The shot is supposed to be against the high ridge of the scapula but with such a head, there is the chance that the orientation on impact will impact that ridge as was the case here. A second shot was taken to give a fair grade to both bone only as well as the harder ridge area. 








Note that the blade that hit the ridge, retracted back into the ferrule. This blade rode the edge of the ridge within the ferrule while the blade that was in flesh only maintained it's full cutting area.
The blade that impacted the ridge received a twist near the center of that blade. The twist was small enough that the head was able to be re-closed despite this bend.


----------



## Northwood lures (Jan 23, 2013)

The second shot showed again that the blades retract on hard bone impact, as can be seen in the picture below.








The hole has been highlighted in this picture.








Lines leaving the area of impact are stress fractures.
Below are the blades after the bone test and the results of the sharpness test after the bone test.
















The blades were 100% dulled on all points of contact.
To highlight this fact the head was run through the rubber band grid again, with the results shown below.








No bands were cut after 3 passes through the grid.
*Overview*
I am not impressed with this head as it did not perform within a reasonable expectation when considering the price . The blades ended up baseball dull after the bone test, which is not what I want to see in any broadhead. The ferrule is top notch IMO but needs to be fitted with better blades, considering what I saw.
While penetration is not part of testing, this head gave the results I would normally expect to see, given a head that is of this size.
The downside of this head is that it covers less area than a smaller three blade expandable and also has a greater resistance to penetration than a smaller multi-blade head but then again, that may not be an issue with a bow that has plenty of kinetic energy. 
What is of further concern is the fact that the blades are driven back into the ferrule when hard bone is contacted, as was seen in the scapula test.
The reason for my concern is that the next thing the blades are contacting is the lungs.
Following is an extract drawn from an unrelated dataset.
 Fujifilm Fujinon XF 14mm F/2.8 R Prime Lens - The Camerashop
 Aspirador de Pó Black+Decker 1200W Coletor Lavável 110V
The lungs are not the most substantial items to deploy a head. With the fact that the blades are already bowling ball smooth after exiting the bone, this suggests that without their cutting edge, the same result will happen as the head enters the lungs. The dull blades will act to resist as they did in the bone and will continue to stay closed or only partially open.
I am not saying this is a 100% guarantee but it is a 100% possibility considering how the head reacted in testing. I personally saw this same thing happen with a Rage low K.E. head not one year ago where the head retracted and stayed retracted throughout the process of entering and passing through a hog. While the entrance and exits were good on the flesh side, the bone and internals held a small hole as tests on this head showed here. The animal which this happened to was very much alive and in it's bed when it was killed over 8 hours later.

I love the ferrule but beyond that I am not inclined to use this head due to cost and function. This head passed 2 of 4 standards and therefore received a 2 star rating.


----------



## MillDoo (May 28, 2004)

Could you provide more details next time:lol: Great report North!! Have you done other tests and what broadhead does the best overall?


----------



## smoob2010 (Jan 19, 2011)

Awesome test and great info makes me think twice about these!!
They just look so awesome!!


----------



## kisherfisher (Apr 6, 2008)

MillDoo said:


> Could you provide more details next time:lol: Great report North!! Have you done other tests and what broadhead does the best overall?


Great report North. Love your passionfor a true answer! I guess a similer question would be , what broadhead do you trust after your extensive testing?. I kind of feel like I am cheating on a test, but it appears you have done this before. Thanks.


----------



## bassburner (Jan 6, 2011)

Awesome testing. Thanks for doing our homework for us. Much appreciated


Posted using Outdoor Hub Campfire


----------



## smoob2010 (Jan 19, 2011)

I was wondering from the guy who did the test if he has any reviews for the other rages just curious on what you have?


----------